FIG. 20 is a bottom perspective blow up view of the components of the three-gear rotating light toy.

Before explaining the disclosed embodiment of the present invention in detail, it is to be understood that the invention is not limited in its application to the details of the particular arrangement shown, since the invention is capable of other embodiments. Also, the terminology used herein is for the purpose of description and not of limitation.

DETAILED DESCRIPTION OF DRAWINGS

The present invention is an apparatus consisting of a self-powered rotating power generator which is used to power a light and/or a sound module. The system includes a handle to about which rotates a connected electro-mechanical power generation chamber. One or more LEDs are electronically connected to the power generation chamber.

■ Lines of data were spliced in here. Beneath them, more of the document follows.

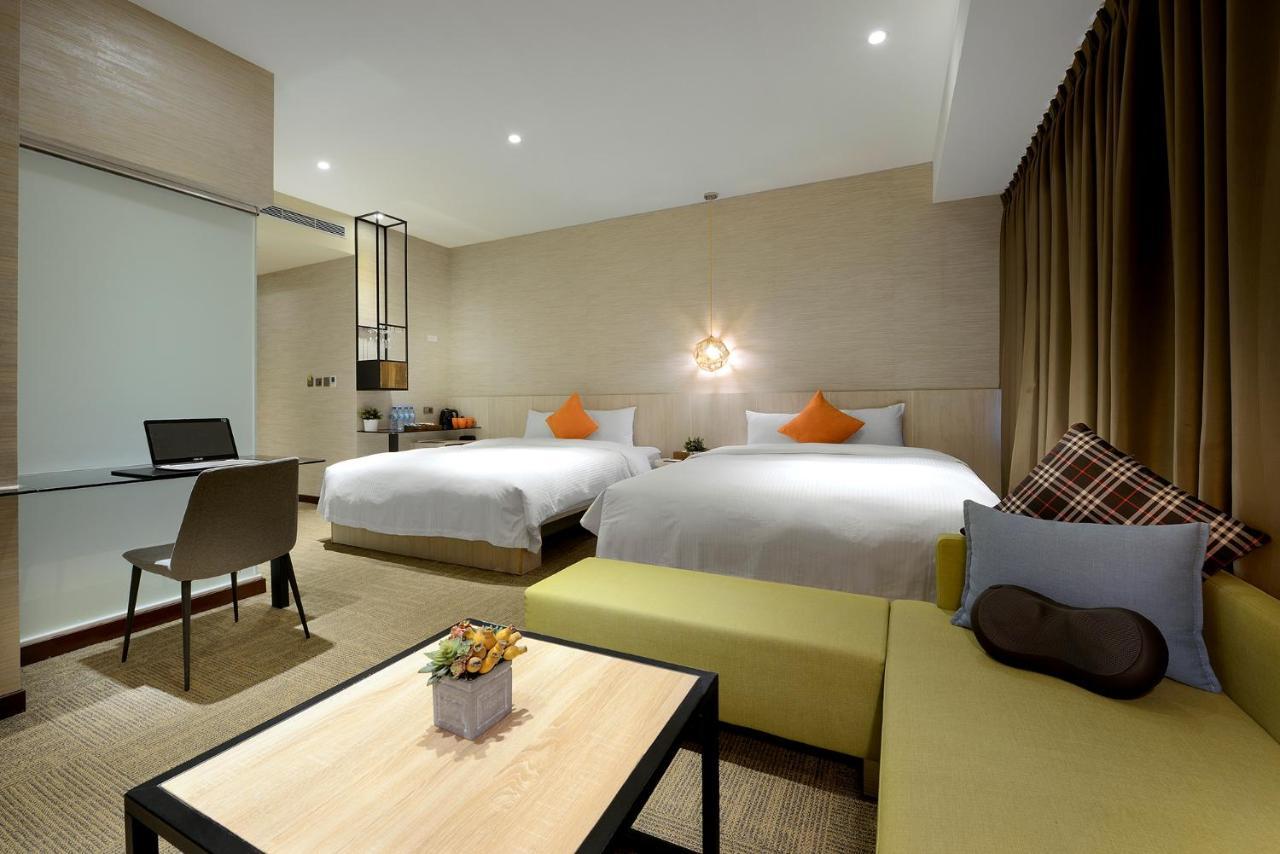 Via Hotel Taipei Station Экстерьер фото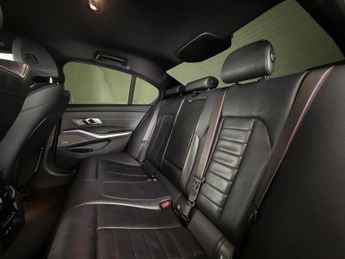 BMW 3 Series 2.0 320d M Sport Auto Euro 6 (s/s) 4dr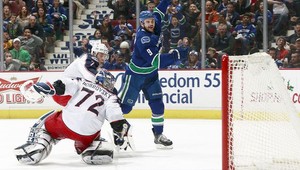 Vancouver strelil Columbusu 3 góly za 130 sekúnd!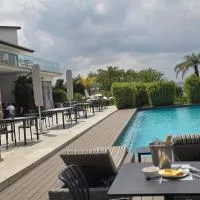 Nandoni Waterfront Resort, hotel in Thohoyandou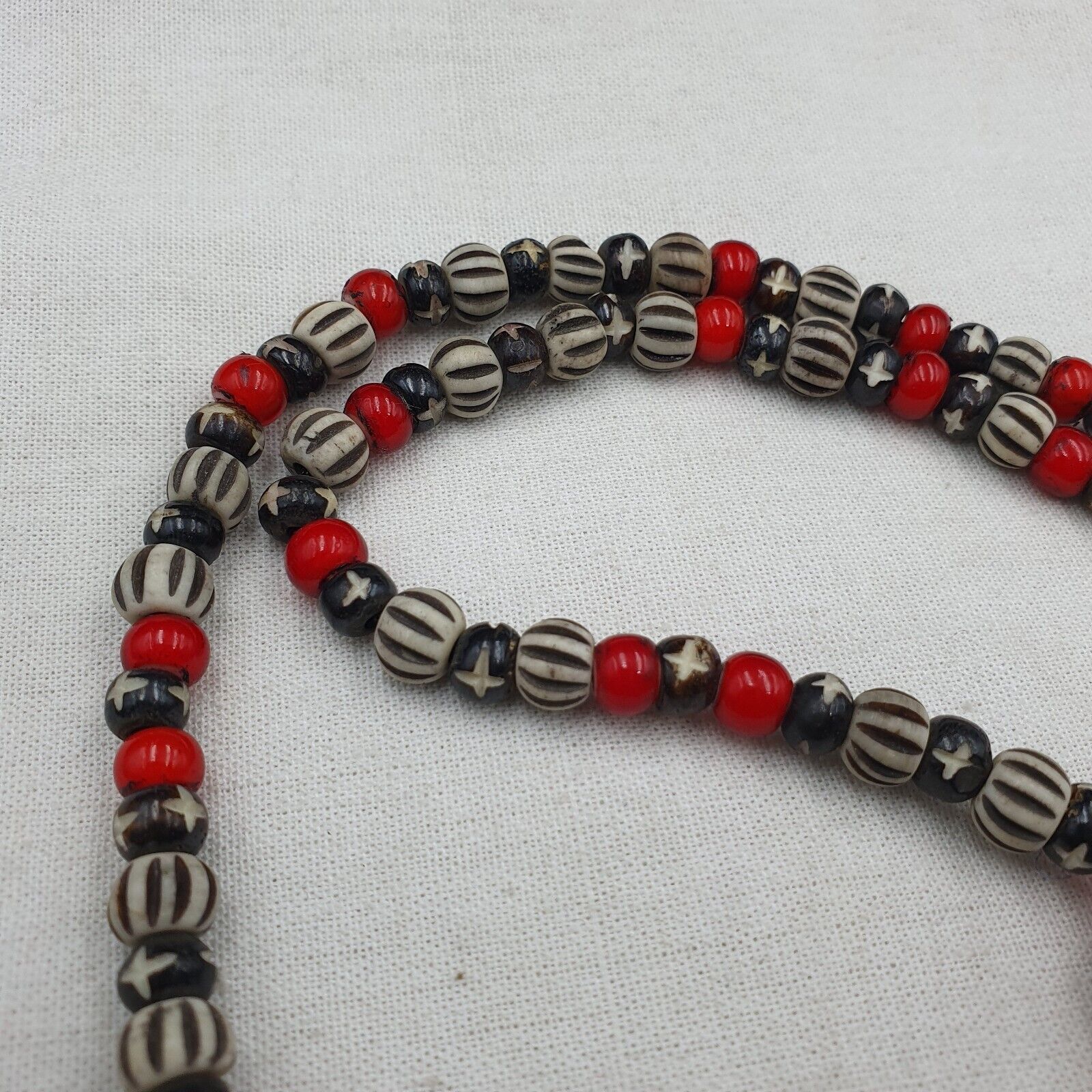 BEAUTIFUL LOT Antique Himalayan Indo Tibetan Etched Agate Beads lot Necklace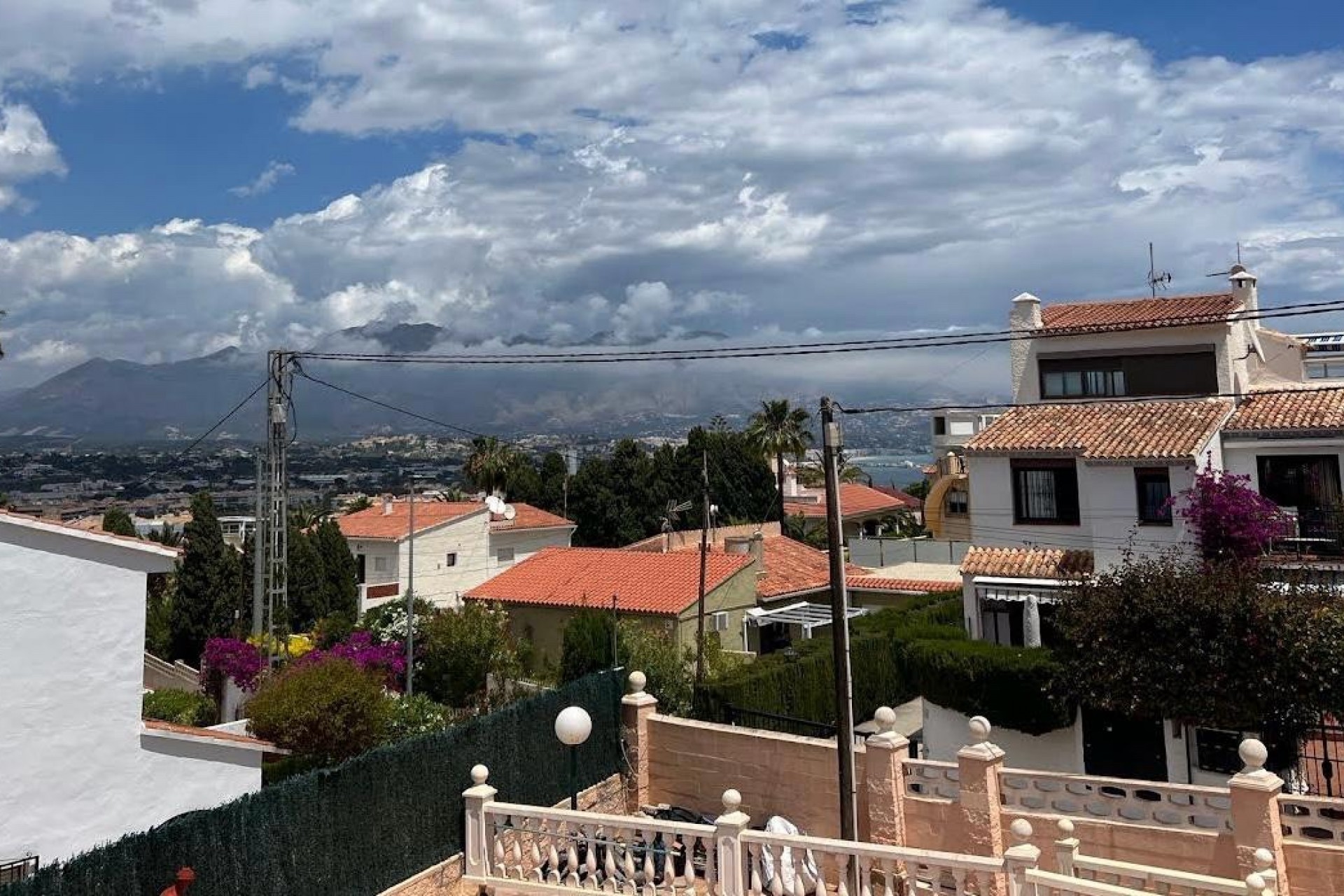 Resale - Villa -
Albir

FIG. 1 is a side perspective view of the rotating light apparatus 100 of the present invention. Handle 2 is constructed to be easily held by a user's hand 12, shaft 3 is affixed to handle 2 and is rotatably connected to a primary gear inside generation chamber 14, which serves as an electro-mechanical power generation chamber. Generation chamber 14 rotates about handle 2 and shaft 3. Generation chamber 14 consists of two halves; upper housing 6 and lower housing 4. Generation chamber 14 is constructed to spin about shaft 3. LED 10 is attached to upper housing 6 via connector 8. Connector 8 provides an electrical connection between LED 10 and upper housing 6. Connector 8 can be a tether or rigid connection or connected directly onto upper housing 6. Design choices for connector 8 include an insulated pair (or pairs) of wires or a rod with wires therein or a spring with wires or a rope having wires or any flexible or rigid structure capable of conducting current to LED 10. Handle 2 attaches to a gear within lower housing 4 such that a circular hand movement will cause a rotation of generation chamber 14 in a CW or CCW direction, which causes LED 10 to travel along arc C. LED 10 will turn ‘on’ and ‘off’ in a standing pattern type manner as it moves about arc C. Details of LED 10 activation will be discussed below. It should be noted that although FIG. 1 is shown with one LED, many other multiple LED configurations are possible.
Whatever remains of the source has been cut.